A Basic Approach to Chemotherapy
The elusive magic bullet of cancer chemotherapy may be nothing more than a false hope, but now chemists at the University of Kansas have found a way to attack malignant cells with an anticancer drug, while sparing healthy cells. The discovery could allow higher, more effective doses to be administered to cancer patients without increasing the potentially debilitating side effects.
Normal cells simply isolate basic (as opposed to acidic) chemicals, allowing them to be excreted by the cell before they have a toxic effect. In contrast, cancer cells do not function normally and cannot isolate such substances for secretion so they feel the full caustic effects of such compounds. Unfortunately, most anticancer drugs do not fall into this category and accumulate in both normal and malignant cells, causing harm to both. The elusive magic bullet drug and countless attempts to target only cancer cells have had many successes, however, they generally fall short of the target leading to severe side-effects in many patients nevertheless.

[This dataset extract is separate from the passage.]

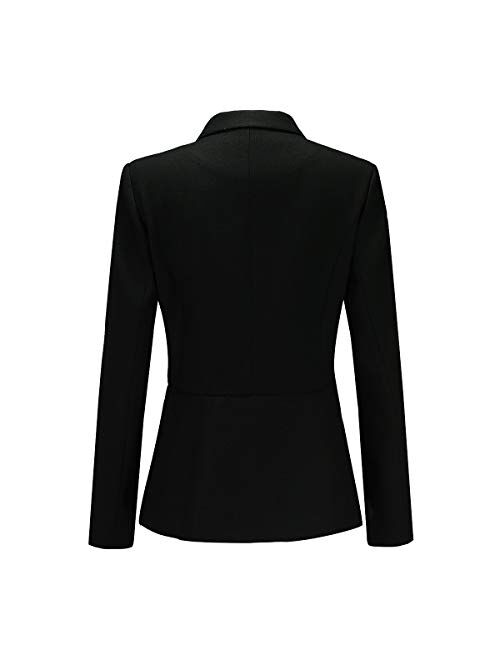Women's 2 Piece Office Lady Suit Set Invisible Button Blazer and Pants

Now, Jeffrey Krise of the University of Kansas at Lawrence and colleagues Muralikrishna Duvvuri, Samidha Konkar, Kwon Ho Hong, and Brian Blagg reasoned that if there were a way to make anticancer drugs basic then they could essentially target only cancer cells, as healthy cells quickly isolate and excrete basic compounds. They have tested this approach successfully on several existing anticancer drugs—inhibitors of the Hsp90 molecular chaperone—in the laboratory and say it could offer substantial benefits for cancer patients.

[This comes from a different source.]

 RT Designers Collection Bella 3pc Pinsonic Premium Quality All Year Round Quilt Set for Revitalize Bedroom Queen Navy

"It could allow cancer patients to tolerate higher and more effective doses of chemotherapy before normal cells are damaged to an extent that causes serious side effects and cessation of therapy," Krise explains. "The approach is completely different from previous attempts that were designed to deliver drugs only to cancer cells and not normal cells." He suggests that his team's findings offer a new rational approach to designing selective anticancer drugs that have fewer side-effects. "Importantly," he adds, "this technology can also be used to modify existing drugs and increase their selectivity."
Krise's report describes a number of existing anti-cancer drugs that have basic properties, and notes that the new findings may provide the first explanation of why these drugs are so effective.